February 12, 2015 at 12:30 pm
We are experiencing an issue when we perform an update to one column within one row of data against an AlwaysOn Availability Listener in a single transaction then commit the transaction and read the newly updated row from a new connection with Application Intent=ReadOnly connection string.
The synchronous secondary replica is not returning the updated data for quite some time. We added a delay to the read and it takes close to 1000 ms before the update is available on the synchronous secondary replica. Is this latency expected behavior?
We performed this test on multiple implementations of an AlwayOn Availability Group as detailed below with the exact same result.
The first test was conducted on the following configuration: 64-bit Windows Server 2008 R2 SP1 Enterprise, 64-bit SQL Server 2012 Enterprise SP2 Version 11.0.5058.0.
The AlwaysOn Availability Group consists of 3, bare metal Dell R710s with a RAID 1 for OS and RAID 5 for SQL Server.
The primary server and one secondary server are configured with Synchronous Commit Availability Mode, Automatic Failover, Readable Secondary set to yes for the pair. The third server is configured with Asynchronous Commit Availability Mode, Manual Failover, and Readable Secondary set to no. Read-Only Routing was configured to route Read-Intent traffic to the second node when the first node is in the Primary Role and vice versa.
A second test was conducted on the following configuration: 64-bit Windows Server 2012 R2 Standard, 64-bit SQL Server 2012 Enterprise SP2 Version 11.0.5058.0.
The AlwaysOn Availability Group consists of 2, bare metal Dell R620s with a RAID 1 on SSDs for OS and Fusion-io ioDrive2 785GB card for SQL Server.
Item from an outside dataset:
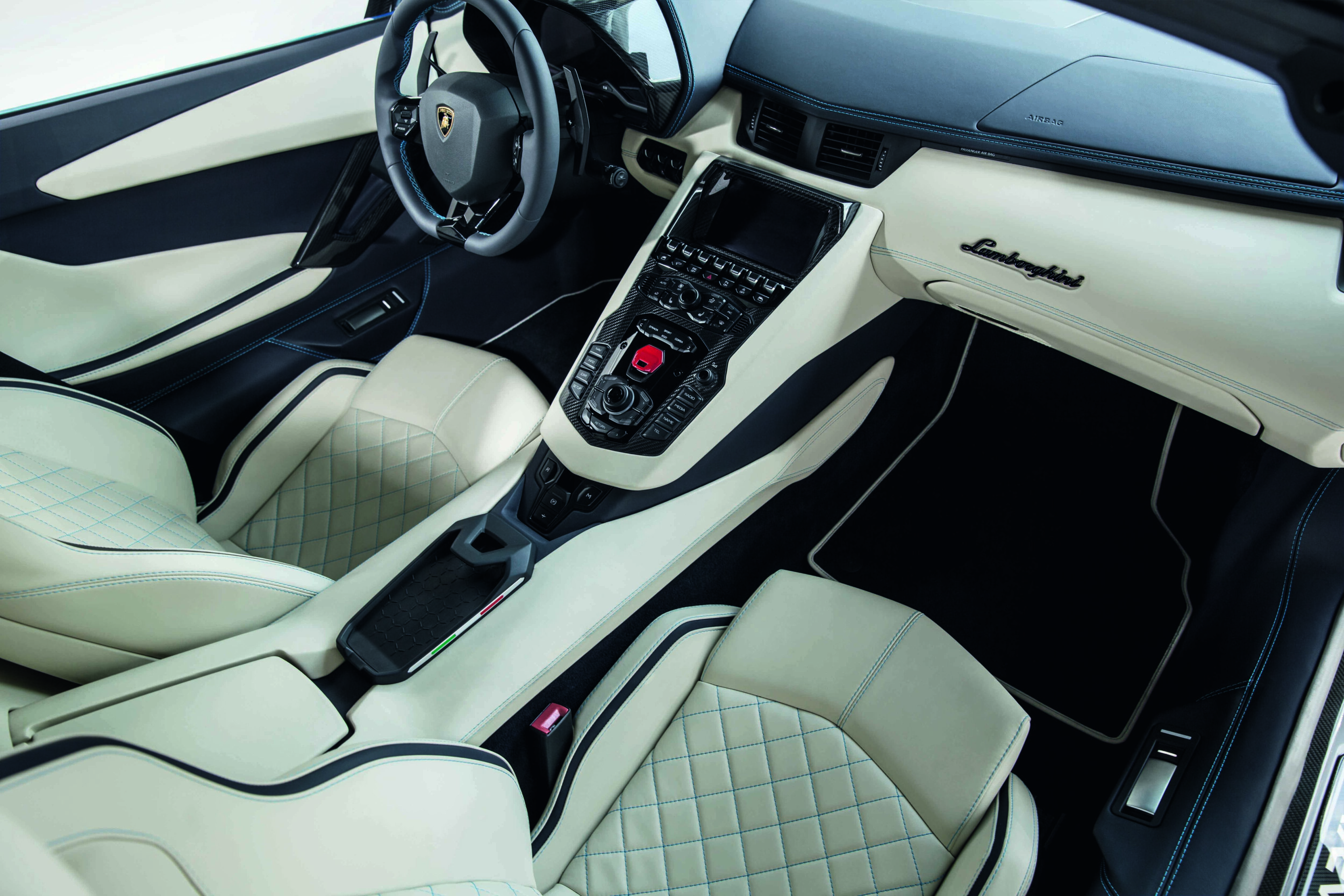 Aventador S Roadster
The primary server and one secondary server are configured with Synchronous Commit Availability Mode, Automatic Failover, Readable Secondary set to yes for the pair. A file share was setup for a node and file share quorum. Read-Only Routing was configured to route Read-Intent traffic to the second node when the first node is in the Primary Role and vice versa.
A third test was conducted on the following configuration: 64-bit Windows Server 2008 R2 SP1 Enterprise, 64-bit SQL Server 2012 Enterprise SP2 Version 11.0.5058.0.
The AlwaysOn Availability Group consists of 3, bare metal Dell R720s with a RAID 1 on SSDs for OS and Fusion-io ioDrive2 785GB card for SQL Server.
The primary server and one secondary server are configured with Synchronous Commit Availability Mode, Automatic Failover, Readable Secondary set to yes for the pair. The third server is configured with Asynchronous Commit Availability Mode, Manual Failover, and Readable Secondary set to no. Read-Only Routing was configured to route Read-Intent traffic to the second node when the first node is in the Primary Role and vice versa.
February 13, 2015 at 3:38 am
Mike G. (2/12/2015)
Is this latency expected behavior?
Synchronous commit only guarantees the transaction is fully committed to the log on all partners, the log record will still have to be replayed by the redo thread which is single threaded. If the redo queue is large it can take a short while.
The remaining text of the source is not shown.